Clitics - an attempt of a short summary
1) A clitic is a word that depends phonologically on another word or phrase. They are pronounced together so that it seems to be a single word. (The English ‘s is a clitic ) As also Wikipedia writes, a clitic can be every kind of word (pronouns, determiners, prepositions) So in Italian ”strapieno” and also the indefinite article (un amico) are clitics, in the same way as ”parlarmi” is a clitic and ”parlare a me” is NOT. So - in my opinion - it’s much easier to use the specific grammar expressions than the word clitic. I prefer to speak about indirect object pronouns, direct object pronouns, pronominal particles, reflexive pronouns and reciprocal pronouns.
a) direct/indirect object pronouns:
a direct object pronoun is a pronoun that replaces a part of a previous sentence in the function as a direct object. (e.g. Carl is nice. I want to know him)

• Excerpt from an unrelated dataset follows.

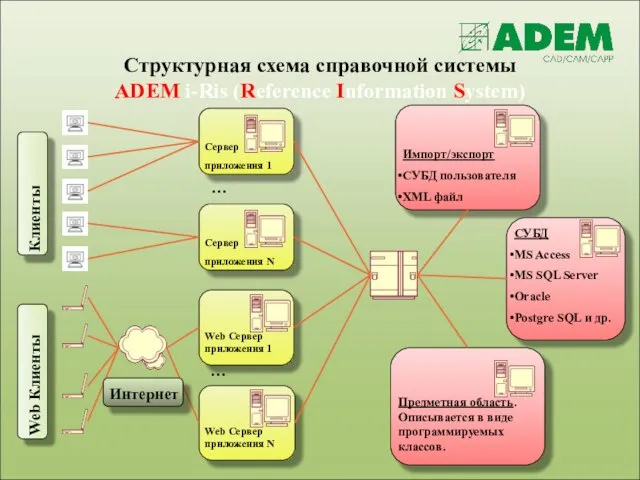 Структурная схема справочной системы ADEM i-Ris (Reference Information System) Сервер приложения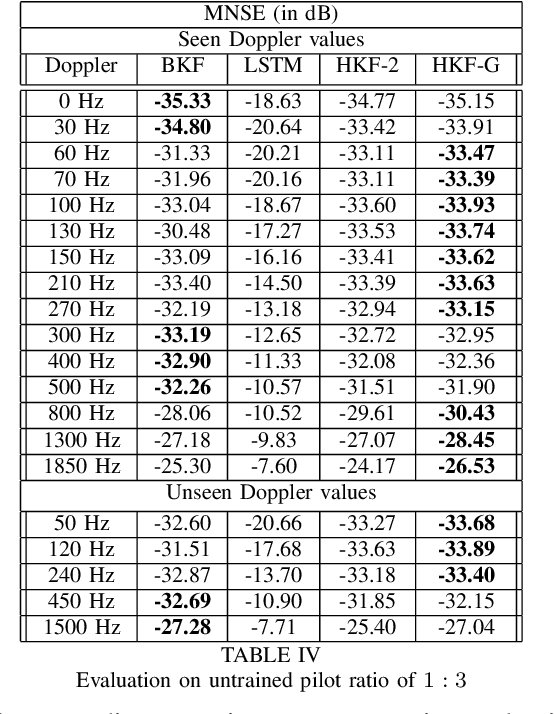 Figure 4 for Neural Augmentation of Kalman Filter with Hypernetwork for Channel Tracking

indirect object pronoun is a pronoun that replaces a part of a previous sentence in the function as an indirect object (e.g. There is Carl. I want to go to him)
The difference of direct and indirect objects is very difficult for English speaking people. If a pronoun is a direct or indirect one depends only on the grammatical case which has to be used (accusative or dative).
In Italian direct objects stand directly after the verb (dire qualcosa, fare qualcosa). In English you ask for them with: what? or whom? and the answer is him, her, it
In Italian indirect objects stand only indirectly after the verb, that means that there is a preposition between the verb and the object (dire a qualcuno, parlare a qualcuno). In English you ask for them with to whom, to what, for whom, for what? and the answer is to him, to her, for him… etc.)
One of the problems is that not always Italian and English verbs ask for the same type of objects. For example:
to phone someone (whom do you phone?) = direct object
telefonare a qualcuno (preposition between verb and object) = indirect object.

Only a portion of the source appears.